*** Opening of GIVEN DATA ***
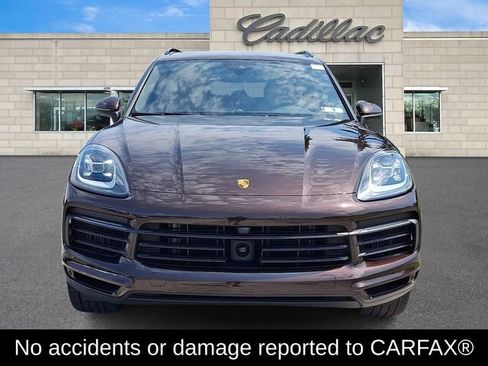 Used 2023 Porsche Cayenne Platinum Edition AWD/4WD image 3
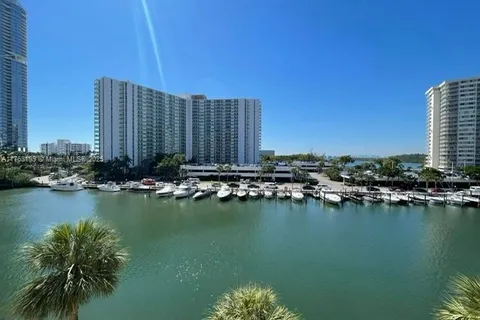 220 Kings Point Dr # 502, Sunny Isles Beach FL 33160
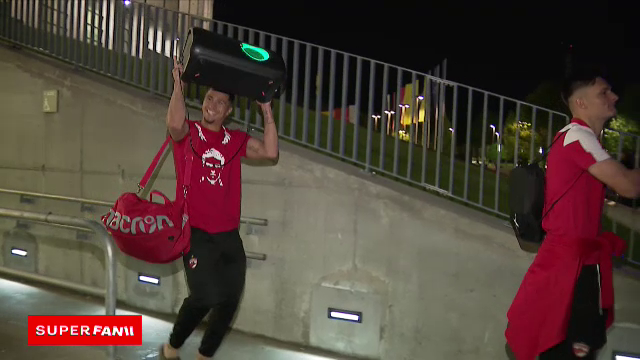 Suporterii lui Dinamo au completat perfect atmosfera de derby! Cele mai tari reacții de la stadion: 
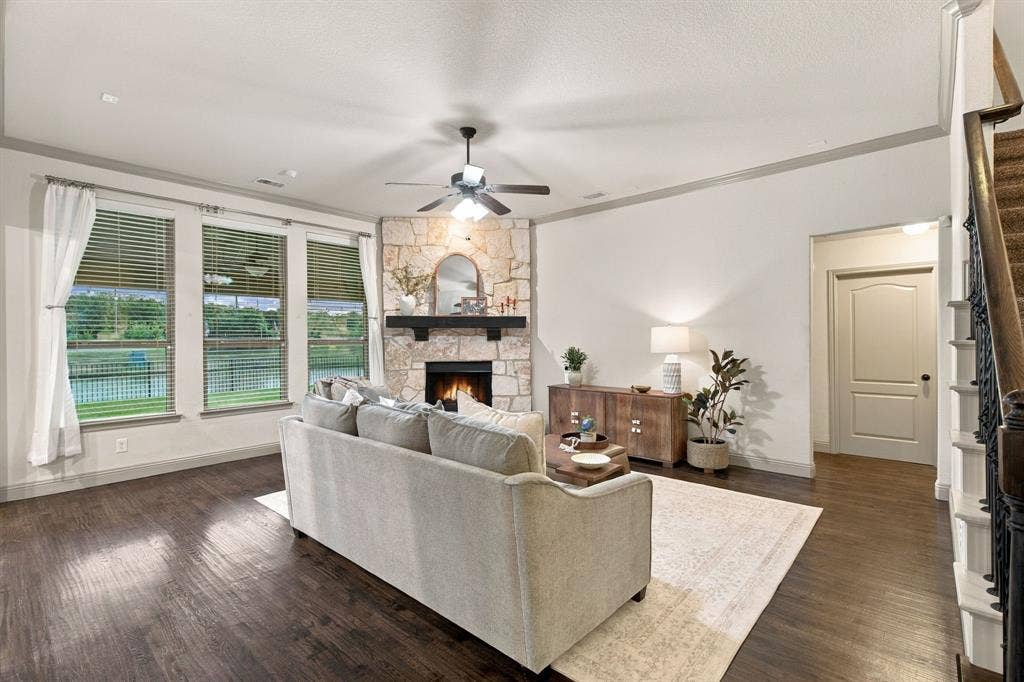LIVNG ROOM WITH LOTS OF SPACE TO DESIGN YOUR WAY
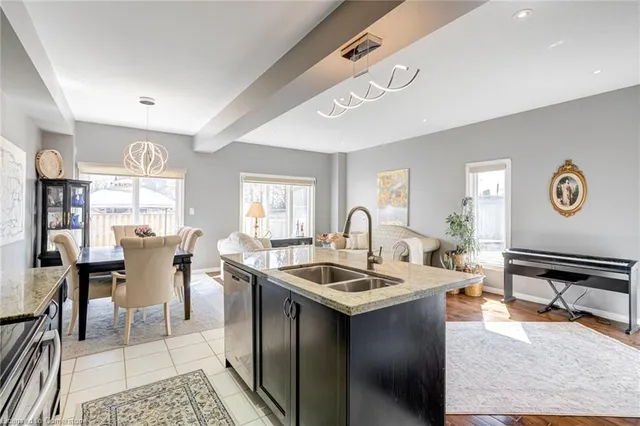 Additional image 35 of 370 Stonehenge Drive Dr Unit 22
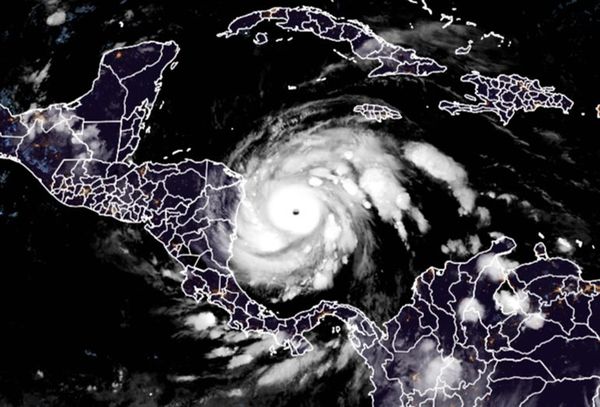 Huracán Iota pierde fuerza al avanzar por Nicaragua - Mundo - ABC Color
*** Close of GIVEN DATA ***
*** Opening of GIVEN DATA ***
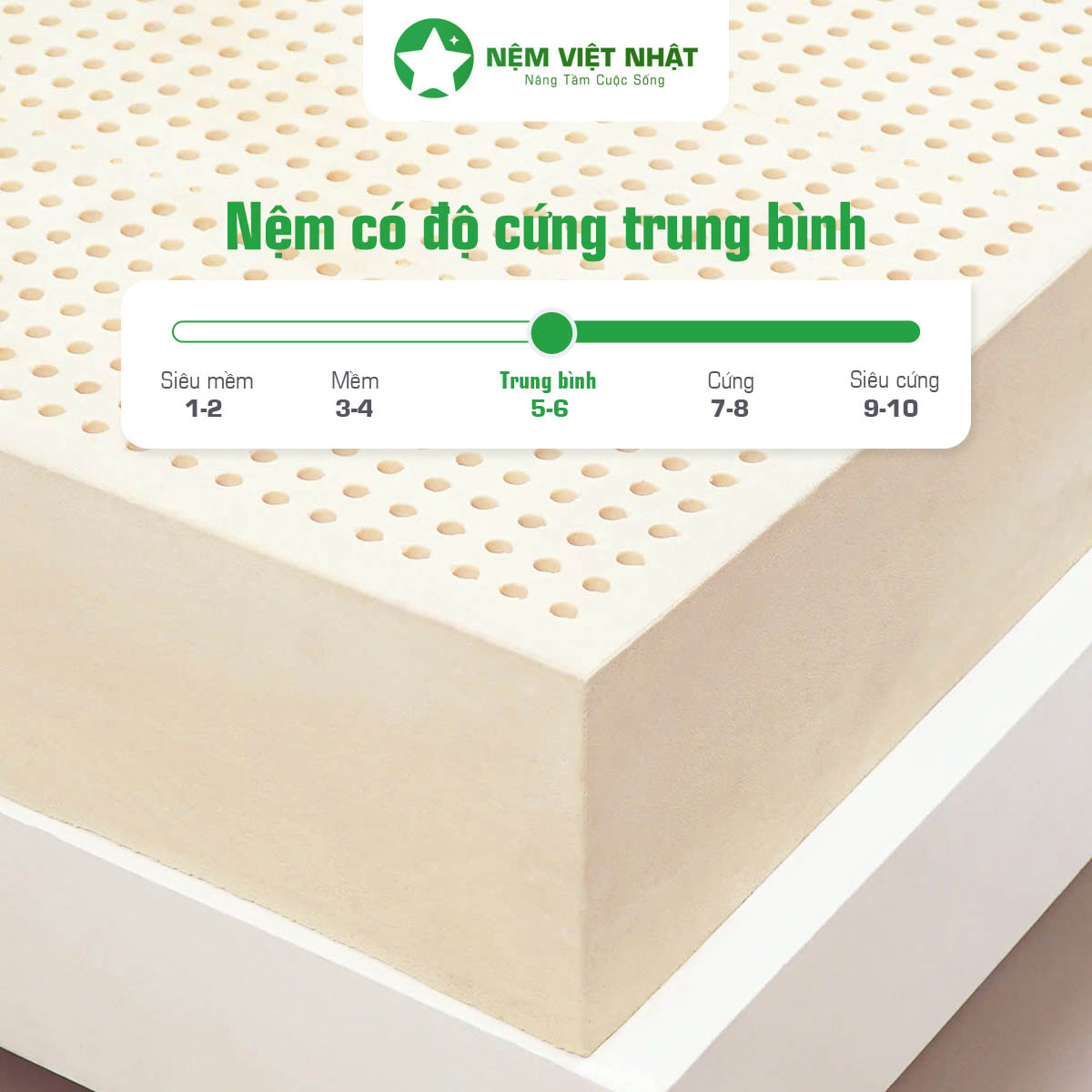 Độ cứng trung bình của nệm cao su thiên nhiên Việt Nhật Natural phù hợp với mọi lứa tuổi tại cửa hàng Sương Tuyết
*** Close of GIVEN DATA ***
EXERCISE PROMPT |
Give again, exactly as written above, each line from the one that has "Used 2023 Porsche" to the one that has "Huracán Iota pierde", both included; omit the pictures.

REPLY |
 Used 2023 Porsche Cayenne Platinum Edition AWD/4WD image 3
 220 Kings Point Dr # 502, Sunny Isles Beach FL 33160
 Suporterii lui Dinamo au completat perfect atmosfera de derby! Cele mai tari reacții de la stadion: 
LIVNG ROOM WITH LOTS OF SPACE TO DESIGN YOUR WAY
 Additional image 35 of 370 Stonehenge Drive Dr Unit 22
 Huracán Iota pierde fuerza al avanzar por Nicaragua - Mundo - ABC Color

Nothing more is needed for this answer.